Выбрать главу

Следует ли думать, что только коммунистический режим способен изменить облик мира? Достаточно было того, чтобы революционные преобразования не являлись левоэкстремистскими, как весь мир, в том числе и Соединенные Штаты, начинал кричать о фашизме. Понятия «левые» и «правые» режимы полностью утратили свое значение. Существуют только эффективные и неэффективные социальные системы. Греции в 1946 году нужна была не революция, а дисциплина.

Я кропотливо занималась сбором информации, опросила большое число приверженцев обоих лагерей. Сторонники коммунистов мне рассказывали о жестокости правительства, о тяжелых условиях содержания в тюрьмах и лагерях (ссылки на остров Ярое начались только в 1947 году); их противники вспоминали пытки и издевательства в дни господства коммунистов в Афинах, жертвами которых стали не только идеологические противники, но и аполитичная буржуазия. Мне поведали об убийстве известной греческой актрисы (которой коммунисты выкололи глаза), о грабежах частных лиц.
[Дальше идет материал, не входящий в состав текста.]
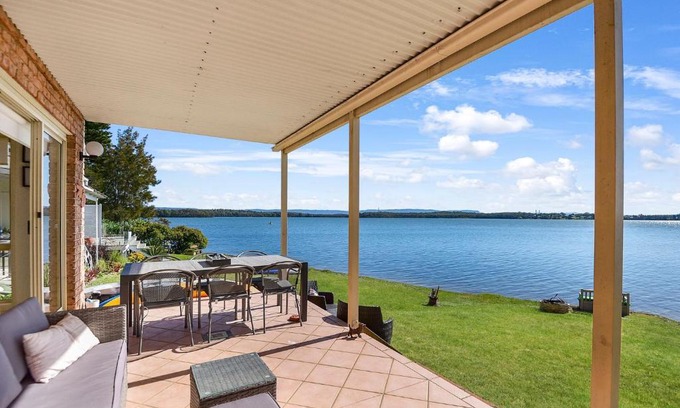 Mannering Park House | Bluewater at Mannering Park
Я верила и тем, и другим, поскольку с близкого расстояния уже видела русскую революцию. Но никакая диктатура, никакой террор не длился столько времени, сколько существовал советский коммунизм. К этому времени он насчитывал тридцать лет, и все эти годы жестокие преследования не прекращались ни на один день. Постоянному террору я предпочла бы кратковременные репрессии. Ссылка на остров Ярое не была более ужасной, чем лагеря в Сибири или подвалы Чека. Западная пресса мало писала о них, она всегда слепа на «правый глаз».
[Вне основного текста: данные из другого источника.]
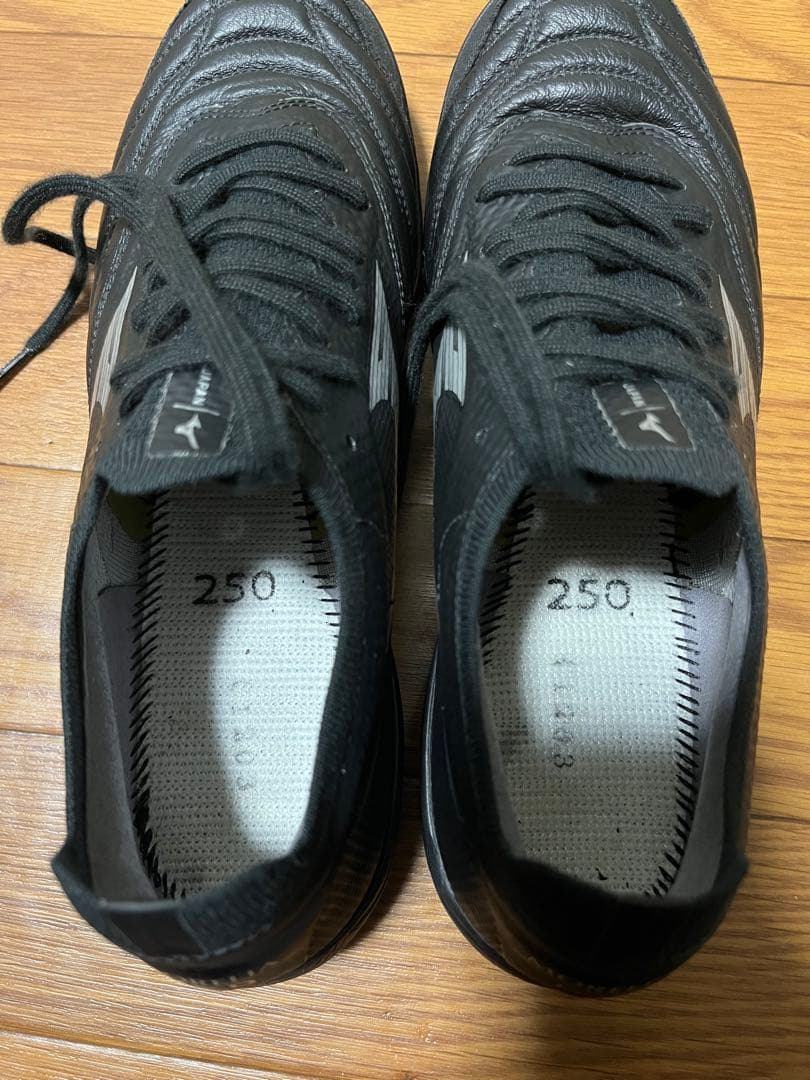 【最終値下げ】MIZUNO MORELIA NEO SALA β JAPAN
Но в Афинах я все-таки имела возможность встречаться с разными по своим убеждениям людьми. Я не видела трусов, боявшихся открыто высказывать самую крайнюю точку зрения в общественных местах и при свидетелях. Газеты не проводили единой политической линии, придерживались различных направлений, критика правительства была обычным делом. Во время сбора информации за мной не было слежки, никого не интересовала политическая направленность моей газеты. В моих передвижениях по Греции я себя чувствовала столь же свободно, как и во Франции.

Греки, как и французы, склонны к абстрактным спекулятивным умозаключениям, но им более, чем французам, присущ дух деятельной мысли. Улица — это Форум. Здесь спорят и сытые, и голодные. В книжных магазинчиках я встречала писателей, поэтов и художников, которые страстно рассуждали о современном искусстве, о политике…
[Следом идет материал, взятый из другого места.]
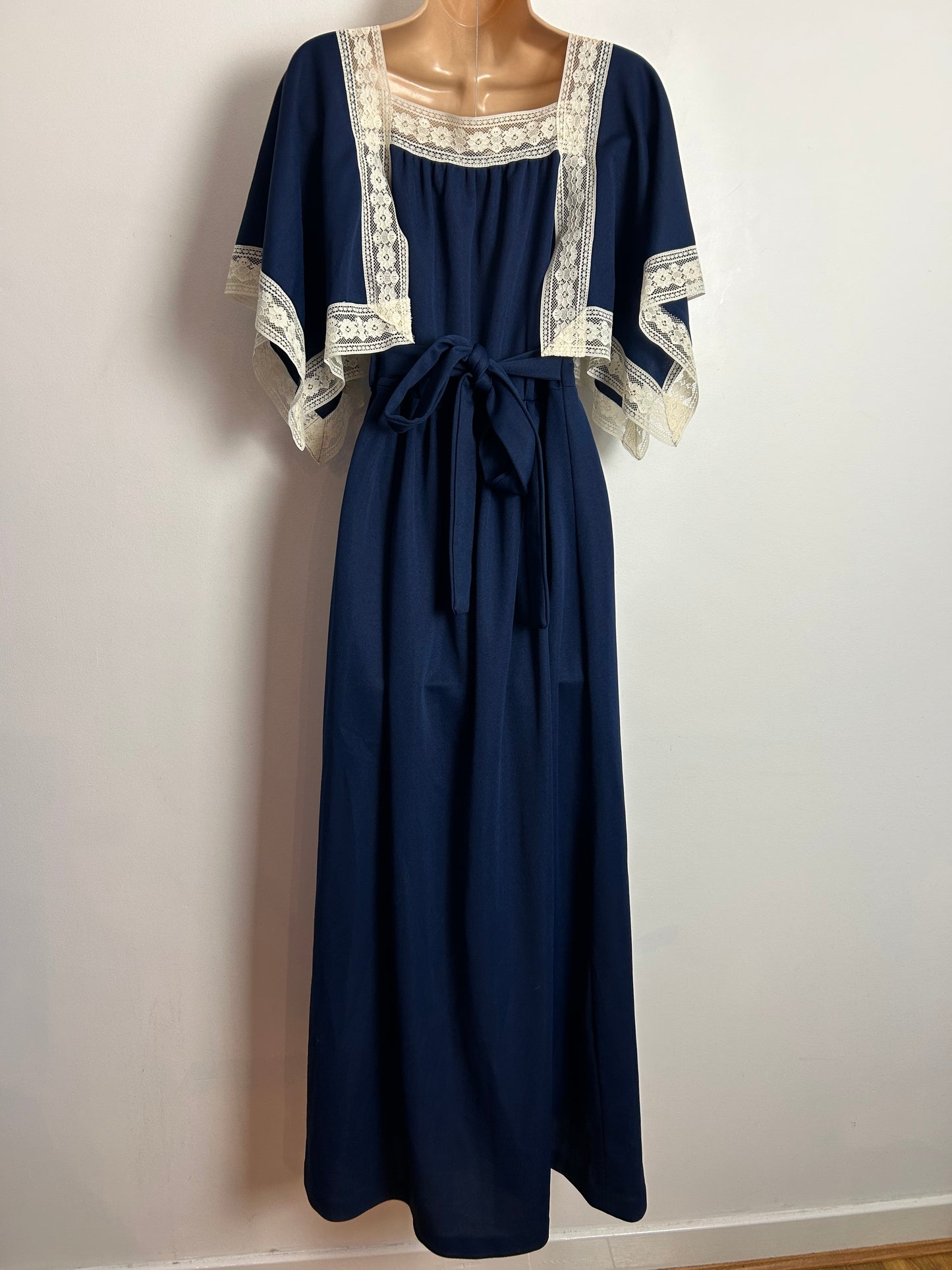 Vintage 1970s C&A UK Size 8 Navy Blue White Lace Trim Hanky Sleeve Boho Maxi Dress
Мне удалось завязать дружеские отношения. Художник Иоанн Царухис спросил меня, не хочу ли я познакомиться с великим художником.

Еще бы! Он отвел меня в подвал близ ночного кабаре. Это была не мастерская, а настоящая пещера. Но когда я пересекла ее порог, перед моими глазами, будто удар кулака в лицо, вспыхнула живопись, неистовая по форме, цвету и движению.

Живые, злобные, кипящие — все эти эпитеты годятся для работ Никоса Енганопулоса. Его работы шокировали, разжигали, как красная тряпка матадора приводит в бешенство быка. Он встретил меня как врага, и это стало началом нашей дружбы. Дружбы на многие годы, хотя больше я никогда с ним не виделась.

«В своей реальности он режет по живому», — сказал об Енганопулосе Поль Элюар, а другой его друг, — что «он ни поэт, ни художник, а пламя».

Никос Енганопулос родился в Константинополе в 1910 году, как художник сформировался в Афинской академии. Жил в Париже, Мане считал самым лучшим художником, а Сальвадора Дали — самым плохим. Он первым из людей моего поколения определил Пикассо как «минувшее прошлое». Парадоксы и проклятия изливались из его рта, как поток лавы.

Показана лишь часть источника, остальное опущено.